# Supplied records:

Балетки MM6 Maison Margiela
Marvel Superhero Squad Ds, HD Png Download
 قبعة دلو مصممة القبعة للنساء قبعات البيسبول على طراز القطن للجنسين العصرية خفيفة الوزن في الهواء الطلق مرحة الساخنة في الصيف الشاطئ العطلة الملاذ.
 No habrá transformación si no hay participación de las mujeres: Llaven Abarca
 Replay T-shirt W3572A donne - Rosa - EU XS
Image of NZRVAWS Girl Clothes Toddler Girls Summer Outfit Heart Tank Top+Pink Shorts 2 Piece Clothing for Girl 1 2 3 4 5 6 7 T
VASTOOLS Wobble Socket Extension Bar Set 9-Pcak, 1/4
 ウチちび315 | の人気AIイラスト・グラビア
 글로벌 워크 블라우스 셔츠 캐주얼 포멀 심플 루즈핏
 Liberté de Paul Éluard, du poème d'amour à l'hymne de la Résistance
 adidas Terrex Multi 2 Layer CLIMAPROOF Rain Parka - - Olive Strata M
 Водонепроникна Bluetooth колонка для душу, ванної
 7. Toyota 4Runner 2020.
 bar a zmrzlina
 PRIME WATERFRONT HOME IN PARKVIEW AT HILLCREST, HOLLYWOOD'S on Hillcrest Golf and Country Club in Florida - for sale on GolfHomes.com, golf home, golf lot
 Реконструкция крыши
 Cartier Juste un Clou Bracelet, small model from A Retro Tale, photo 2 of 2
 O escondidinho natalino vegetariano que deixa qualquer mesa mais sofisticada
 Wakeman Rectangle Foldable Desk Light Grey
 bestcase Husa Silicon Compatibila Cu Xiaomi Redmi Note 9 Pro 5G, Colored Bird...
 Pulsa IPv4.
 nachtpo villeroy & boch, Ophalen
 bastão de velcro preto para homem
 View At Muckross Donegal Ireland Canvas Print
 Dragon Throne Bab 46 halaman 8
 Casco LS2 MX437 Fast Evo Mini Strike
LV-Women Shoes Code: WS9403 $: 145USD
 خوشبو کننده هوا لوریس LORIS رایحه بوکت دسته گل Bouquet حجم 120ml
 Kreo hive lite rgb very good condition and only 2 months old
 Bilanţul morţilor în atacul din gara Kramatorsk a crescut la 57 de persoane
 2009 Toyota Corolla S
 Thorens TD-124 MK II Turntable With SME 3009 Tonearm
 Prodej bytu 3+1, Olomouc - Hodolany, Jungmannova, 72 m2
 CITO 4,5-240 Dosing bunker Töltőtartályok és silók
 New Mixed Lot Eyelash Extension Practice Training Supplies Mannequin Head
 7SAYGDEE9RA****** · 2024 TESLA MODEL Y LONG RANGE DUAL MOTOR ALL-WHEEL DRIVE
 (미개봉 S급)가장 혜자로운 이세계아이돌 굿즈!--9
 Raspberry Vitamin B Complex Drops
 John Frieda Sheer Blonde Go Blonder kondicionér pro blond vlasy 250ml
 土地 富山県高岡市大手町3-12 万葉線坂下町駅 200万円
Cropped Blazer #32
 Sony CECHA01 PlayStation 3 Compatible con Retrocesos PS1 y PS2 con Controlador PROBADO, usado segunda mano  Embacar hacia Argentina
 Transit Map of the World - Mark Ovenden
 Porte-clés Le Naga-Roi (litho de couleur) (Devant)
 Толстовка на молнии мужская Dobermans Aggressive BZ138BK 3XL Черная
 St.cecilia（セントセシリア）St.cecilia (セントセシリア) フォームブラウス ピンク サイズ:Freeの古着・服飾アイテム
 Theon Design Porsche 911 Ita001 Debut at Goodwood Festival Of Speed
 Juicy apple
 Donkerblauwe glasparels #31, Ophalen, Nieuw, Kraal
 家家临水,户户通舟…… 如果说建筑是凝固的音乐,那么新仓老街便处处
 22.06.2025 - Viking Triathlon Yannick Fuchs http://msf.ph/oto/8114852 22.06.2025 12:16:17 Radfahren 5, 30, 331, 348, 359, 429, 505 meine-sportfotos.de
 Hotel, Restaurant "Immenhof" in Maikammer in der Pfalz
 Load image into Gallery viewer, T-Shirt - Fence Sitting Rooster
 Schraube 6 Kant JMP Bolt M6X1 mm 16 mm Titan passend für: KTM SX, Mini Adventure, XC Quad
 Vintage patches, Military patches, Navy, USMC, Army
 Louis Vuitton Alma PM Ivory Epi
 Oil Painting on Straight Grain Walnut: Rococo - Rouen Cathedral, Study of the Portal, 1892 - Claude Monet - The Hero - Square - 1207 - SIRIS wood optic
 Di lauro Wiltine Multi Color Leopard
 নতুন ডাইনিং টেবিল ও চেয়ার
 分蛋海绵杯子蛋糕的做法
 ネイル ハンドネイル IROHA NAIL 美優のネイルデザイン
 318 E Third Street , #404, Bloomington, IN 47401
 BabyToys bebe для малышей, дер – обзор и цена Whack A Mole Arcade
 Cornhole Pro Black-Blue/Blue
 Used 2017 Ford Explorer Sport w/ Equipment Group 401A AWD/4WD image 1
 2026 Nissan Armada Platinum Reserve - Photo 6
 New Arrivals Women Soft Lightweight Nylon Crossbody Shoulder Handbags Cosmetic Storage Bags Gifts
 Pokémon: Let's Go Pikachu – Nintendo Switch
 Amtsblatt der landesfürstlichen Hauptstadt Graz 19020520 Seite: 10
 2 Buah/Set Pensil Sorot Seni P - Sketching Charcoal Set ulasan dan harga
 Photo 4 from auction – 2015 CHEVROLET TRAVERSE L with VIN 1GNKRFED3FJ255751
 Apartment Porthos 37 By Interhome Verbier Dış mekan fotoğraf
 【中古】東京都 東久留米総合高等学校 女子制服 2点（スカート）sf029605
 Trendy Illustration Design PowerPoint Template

# Task to complete:
Take the stretch of lines above from the one containing "John Frieda Sheer" through the one containing "Juicy apple" and repeat it exactly, adding no other line.

# Reply:
 John Frieda Sheer Blonde Go Blonder kondicionér pro blond vlasy 250ml
 土地 富山県高岡市大手町3-12 万葉線坂下町駅 200万円
Cropped Blazer #32
 Sony CECHA01 PlayStation 3 Compatible con Retrocesos PS1 y PS2 con Controlador PROBADO, usado segunda mano  Embacar hacia Argentina
 Transit Map of the World - Mark Ovenden
 Porte-clés Le Naga-Roi (litho de couleur) (Devant)
 Толстовка на молнии мужская Dobermans Aggressive BZ138BK 3XL Черная
 St.cecilia（セントセシリア）St.cecilia (セントセシリア) フォームブラウス ピンク サイズ:Freeの古着・服飾アイテム
 Theon Design Porsche 911 Ita001 Debut at Goodwood Festival Of Speed
 Juicy apple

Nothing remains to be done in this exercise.